While the Pittsburgh Steelers may have gained some tangible evidence of improvement, improving their win total by three games and hosting a playoff game as a division champion for the first time in four seasons, there is no doubt that the team is far from a finished product.
No team, of course, is a finished product in the offseason. Every team loses players to free agency and retirement, and replaces them through the same free agency process, as well as the draft.
With all of the change that occurs during the offseason, it’s often difficult to predict how a particular team might fare. They may wind up holding the Lombardi trophy or the first overall draft pick when all is said and done.
In order to gain a better feel for not only the issues facing the team this year, but how those issues might play out, it’s useful to take the devil’s advocate approach. This is the pessimistic side of the coin.

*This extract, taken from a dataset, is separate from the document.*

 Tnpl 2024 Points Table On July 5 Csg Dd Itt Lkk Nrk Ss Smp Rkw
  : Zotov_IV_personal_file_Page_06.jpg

Question: Are the Steelers’ defensive issues so dire that the first pick has to be a defensive player?
The Steelers as a whole showed welcome improvement last season, in comparison to the previous two years, which showed up in tangible results. They improved their record from 8-8 to 11-5, and instead of missing the playoffs, they won the AFC North for the first time since the 2010 season.

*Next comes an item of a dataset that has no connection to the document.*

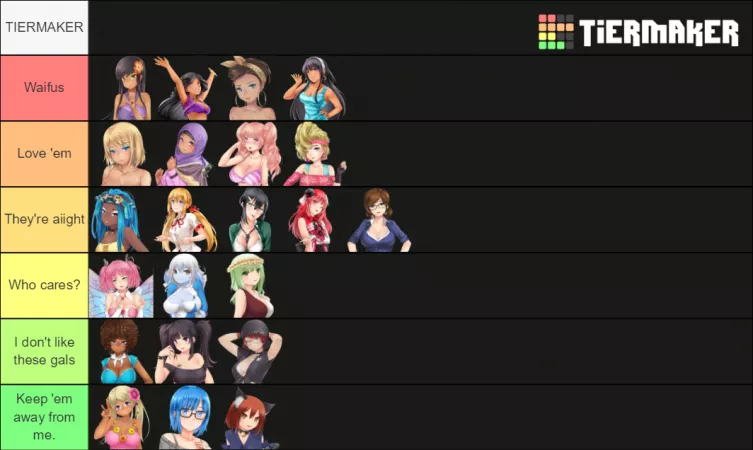 Jumping on the tierlist bandwagon by SUDoKu-Na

The problem, however, is that the vast majority of that progress was exclusive to the offensive side of the ball, during which Ben Roethlisberger delivered arguably his best performance overall, Le’Veon Bell emerged as one of the great all-purpose backs in the league, and Antonio Brown solidified his status as arguably the most difficult receiver to cover. All three made the Pro Bowl, while the latter two were named to the All-Pro team.
Not that the offense is completely a finished product. While they finished in the top 10 in scoring, there are a couple of pieces that could be swapped out, or will have to be replaced soon, and some modification could turn the unit into a truly great one.
But then you have to turn your attention to the defensive side of the ball, and you see a unit that gave up more points than it has in a decade. With Dick LeBeau departing, there will be some minor alterations in the way the defense is run, in addition.
Given those two factors, it might well make sense if the Steelers choose to favor drafting a defensive player in the first round of the draft, even if an offensive player is listed higher on their board—depending, partly, on how things develop in free agency.
If the need is there for an immediate influence on defense, then it would be difficult to avoid the temptation of a first-round defensive player, because they will be more likely to do so. With the championship window, now open, tied to Roethlisberger’s career trajectory, it’s sometimes beneficial to sell out for a shot at a championship and go through a period of struggle than settle for continual first-round playoff exits.